Virginia Lim, a Filipino housekeeper, has filed a discrimination suit in U.S. District Court in Manhattan claiming that she was not hired her because of her national origin. Lim was one of two workers who first filed discrimination complaints with the city's Commission on Human Rights and the Equal Employment Opportunity Commission ("EEOC").
According to Lim's complaint, in April, her employment agent, Adrian Smith, informed her of a vacancy as a housekeeper for the billionaire couple. The complaint states that since Lim had worked as a housekeeper for nine years, she knew that she was qualified for the position.

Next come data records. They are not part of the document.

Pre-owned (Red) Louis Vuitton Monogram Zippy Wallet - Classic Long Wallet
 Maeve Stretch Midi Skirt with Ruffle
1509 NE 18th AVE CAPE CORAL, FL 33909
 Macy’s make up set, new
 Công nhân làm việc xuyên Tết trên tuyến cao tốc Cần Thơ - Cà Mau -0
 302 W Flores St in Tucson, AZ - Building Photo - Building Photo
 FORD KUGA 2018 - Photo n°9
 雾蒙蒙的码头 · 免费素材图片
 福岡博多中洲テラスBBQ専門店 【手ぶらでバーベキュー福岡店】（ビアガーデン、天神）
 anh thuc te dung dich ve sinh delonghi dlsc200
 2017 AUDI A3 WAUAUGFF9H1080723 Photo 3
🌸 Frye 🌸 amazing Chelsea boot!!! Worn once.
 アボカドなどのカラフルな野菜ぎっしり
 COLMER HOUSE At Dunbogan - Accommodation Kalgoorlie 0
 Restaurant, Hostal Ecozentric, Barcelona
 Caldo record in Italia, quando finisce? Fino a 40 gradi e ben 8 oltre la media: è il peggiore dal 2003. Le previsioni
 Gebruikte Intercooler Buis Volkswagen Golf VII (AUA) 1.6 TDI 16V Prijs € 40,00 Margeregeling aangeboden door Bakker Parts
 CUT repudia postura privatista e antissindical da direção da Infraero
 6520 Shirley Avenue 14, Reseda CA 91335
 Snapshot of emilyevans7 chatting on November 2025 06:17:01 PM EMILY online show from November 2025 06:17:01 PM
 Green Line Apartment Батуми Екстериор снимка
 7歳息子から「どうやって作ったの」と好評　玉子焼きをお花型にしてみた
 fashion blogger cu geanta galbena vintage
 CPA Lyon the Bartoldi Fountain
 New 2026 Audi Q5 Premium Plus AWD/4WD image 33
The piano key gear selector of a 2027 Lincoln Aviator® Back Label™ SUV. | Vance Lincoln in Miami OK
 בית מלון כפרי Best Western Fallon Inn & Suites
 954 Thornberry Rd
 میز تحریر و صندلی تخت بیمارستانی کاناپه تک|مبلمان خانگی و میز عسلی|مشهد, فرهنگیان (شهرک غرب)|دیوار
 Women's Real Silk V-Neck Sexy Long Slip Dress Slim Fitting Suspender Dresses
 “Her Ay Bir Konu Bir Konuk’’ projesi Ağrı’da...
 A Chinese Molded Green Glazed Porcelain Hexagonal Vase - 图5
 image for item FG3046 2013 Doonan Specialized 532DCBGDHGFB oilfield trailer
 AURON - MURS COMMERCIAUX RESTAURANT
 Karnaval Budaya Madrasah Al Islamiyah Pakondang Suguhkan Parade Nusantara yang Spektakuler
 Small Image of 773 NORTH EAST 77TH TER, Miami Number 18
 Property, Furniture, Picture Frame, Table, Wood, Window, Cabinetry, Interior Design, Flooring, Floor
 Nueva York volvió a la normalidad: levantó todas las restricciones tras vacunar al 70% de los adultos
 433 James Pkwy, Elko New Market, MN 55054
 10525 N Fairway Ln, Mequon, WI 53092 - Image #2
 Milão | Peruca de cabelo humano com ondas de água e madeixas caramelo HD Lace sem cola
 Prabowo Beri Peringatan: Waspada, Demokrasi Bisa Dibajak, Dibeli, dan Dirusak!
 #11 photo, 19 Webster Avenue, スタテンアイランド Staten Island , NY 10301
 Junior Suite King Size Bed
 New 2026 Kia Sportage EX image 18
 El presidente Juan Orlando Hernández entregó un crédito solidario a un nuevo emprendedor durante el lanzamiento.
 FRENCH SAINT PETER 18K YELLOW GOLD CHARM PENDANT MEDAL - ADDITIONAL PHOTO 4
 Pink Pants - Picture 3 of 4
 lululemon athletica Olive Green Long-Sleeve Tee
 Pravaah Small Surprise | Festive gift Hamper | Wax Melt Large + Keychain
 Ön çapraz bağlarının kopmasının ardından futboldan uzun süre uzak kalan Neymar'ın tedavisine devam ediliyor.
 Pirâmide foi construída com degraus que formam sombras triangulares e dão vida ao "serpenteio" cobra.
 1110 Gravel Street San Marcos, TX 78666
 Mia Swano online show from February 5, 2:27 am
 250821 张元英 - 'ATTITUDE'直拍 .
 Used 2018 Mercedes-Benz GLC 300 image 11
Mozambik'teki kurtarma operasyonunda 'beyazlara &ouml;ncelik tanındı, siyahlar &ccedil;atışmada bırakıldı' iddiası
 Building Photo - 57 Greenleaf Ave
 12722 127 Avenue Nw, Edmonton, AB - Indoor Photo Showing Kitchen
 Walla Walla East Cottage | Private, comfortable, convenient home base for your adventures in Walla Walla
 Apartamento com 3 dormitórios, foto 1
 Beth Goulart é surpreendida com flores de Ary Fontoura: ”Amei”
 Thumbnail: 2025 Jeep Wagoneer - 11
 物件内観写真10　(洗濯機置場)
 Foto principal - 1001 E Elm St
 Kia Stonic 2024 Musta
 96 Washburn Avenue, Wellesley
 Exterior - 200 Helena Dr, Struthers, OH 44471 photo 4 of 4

After interviewing with the couple's butler, the complaint alleges that the butler responded via email that "he had received instructions not to hire [Lim] because of her national origin." The email went on to say, "No Philippines, Thanks."
Smith was in shock after receiving such a wildly inappropriate response and replied, "Am I talking to the same [person]??" The complaint says that the butler then emailed back: "Sorry, new directions . . . No Philippine since today."
These illegal hiring practices also made news in May when another housekeeper named Esther Winkley also claimed that the couple refused to hire her because of her Filipino-background.
Ms. Lim has filed suit seeking "some level of resolution for the injustice that has been done" and for the emotional distress that it has caused. Ms. Lim's lawyer says that the EEOC has granted permission to pursue the case in federal court. The allegations are serious because they contend that the federal laws against discrimination in addition to state and city laws were violated by this discriminatory conduct.
Regardless of where the lawsuit is brought, federal, state and city laws make it illegal for employers discriminate against an individual based on, among other things, race and national origin.